La crisis del Maidán en Ucrania en 2014, con la caída del entonces Gobierno prorruso de Kiev orquestada en Washington, la anexión ilegal por Moscú de la península de Crimea (territorio de tradicional mayoría rusa), y la guerra del Donbás, en los territorios prorrusos del este ucraniano, sentenciaron ese alejamiento. La ruptura total llegó con la invasión de Ucrania, la decisión de Occidente de volcarse en el apoyo militar a Kiev y la plasmación en ese frente de la pugna este-oeste.
La cumbre de la OTAN de junio de 2022 en Madrid supuso el espaldarazo a la nueva doctrina de defensa levantada sobre un pilar: la renovación de la OTAN como un bloque militar cuyo horizonte, ante la opinión pública, es la inevitable confrontación, incluso bélica, con Rusia.
Al servicio de la industria militar
Sin embargo, lo que busca en realidad esta estrategia de defensa, remachada esta semana en Bruselas, es propulsar una carrera armamentística, inspirada en el miedo al enemigo ruso, que expanda al máximo la industria militar y los beneficios de este sector,cada día más importante en la economía global. El resultado está ya muy claro: nunca habían obtenido tantos beneficios las empresas de armamento estadounidenses como ahora, con sus fábricas a pleno rendimiento, renovando los arsenales europeos y cubriendo, al tiempo, las necesidades del ejército ucraniano.
Solo en 2024, los miembros europeos de la Alianza Atlántica gastarán 350.000 millones de euros en el ámbito de la defensa, el mayor dispendio en armas, sistemas militares y expansión de los ejércitos del viejo continente desde el fin de la Segunda Guerra Mundial.
Todo ello enmarcado en el empecinamiento occidental con Ucrania y el delirio de que este país, con suficientes armas, puede derrotar militarmente a una Rusia que en el segundo año de guerra se recuperó de los errores cometidos en 2022, eludió los efectos de las sanciones, disparó su manufactura de armamento, reclutó a cientos de miles de soldados, blindó sus conquistas y sentó las bases de una guerra muy larga que desangrará a los propios ucranianos y a los europeos que los apoyan.

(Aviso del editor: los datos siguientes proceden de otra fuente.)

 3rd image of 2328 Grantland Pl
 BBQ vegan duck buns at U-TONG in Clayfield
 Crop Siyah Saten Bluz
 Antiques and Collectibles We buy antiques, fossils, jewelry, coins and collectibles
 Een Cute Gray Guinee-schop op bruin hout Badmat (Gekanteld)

En la reunión que los ministros de Exteriores de la OTAN celebraron esta semana, el secretario general de la Alianza, Jens Stoltenberg, puso sobre la mesa un ambicioso plan para dotar con 100.000 millones de euros un fondo de asistencia militar a Ucrania para los próximos cinco años.

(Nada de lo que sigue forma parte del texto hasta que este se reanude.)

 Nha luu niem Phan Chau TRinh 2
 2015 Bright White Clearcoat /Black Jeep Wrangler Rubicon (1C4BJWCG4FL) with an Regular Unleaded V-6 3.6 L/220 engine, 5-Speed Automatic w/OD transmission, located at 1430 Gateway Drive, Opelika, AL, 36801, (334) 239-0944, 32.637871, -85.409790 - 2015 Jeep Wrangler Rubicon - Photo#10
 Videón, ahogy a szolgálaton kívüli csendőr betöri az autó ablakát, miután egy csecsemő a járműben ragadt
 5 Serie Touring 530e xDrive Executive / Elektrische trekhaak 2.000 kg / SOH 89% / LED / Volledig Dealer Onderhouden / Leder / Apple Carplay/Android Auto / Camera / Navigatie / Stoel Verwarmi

Claro, Stoltenberg no explicó cómo se compaginará este gasto con la exigencia de que los 32 aumenten al 2% del PIB su gasto en defensa o con la promesa de la Unión Europea de otros 50.000 millones de euros para Ucrania hasta 2027. A alguien se le olvida que la inmensa mayoría de los miembros de la OTAN lo son también de la UE.
La afilada sombra de Trump
No es difícil de entender que, ante tanta promesa sin fondos, EEUU, que había sido hasta fines del año pasado el abanderado de la ayuda militar a Ucrania, haya prácticamente congelado ese respaldo y tenga 60.000 millones de dólares de ayuda a Kiev pendientes de aprobar en el Congreso. Una aprobación dudosa si Donald Trump gana a Joe Biden en las elecciones presidenciales de noviembre.
Esa eventual victoria de Trump podría incluso desbaratar todos los castillos de arena que está construyendo la dirección de la OTAN en torno a Ucrania y su propia capacidad de defensa. El expresidente estadounidense ya manifestó sus recelos ante la cooperación con Europa en la Alianza y quizá por ahí vaya su promesa de acabar con la guerra de Ucrania en 24 horas.
Solamente tendría que retirar todo el apoyo económico estadounidense al conflicto y desligar a su país de una OTAN empeñada en ese “inevitable” choque con Rusia que destacados políticos europeos vienen repicando desde el mayor y más engañoso de los alarmismos y el escaso conocimiento del alcance real de la amenaza rusa.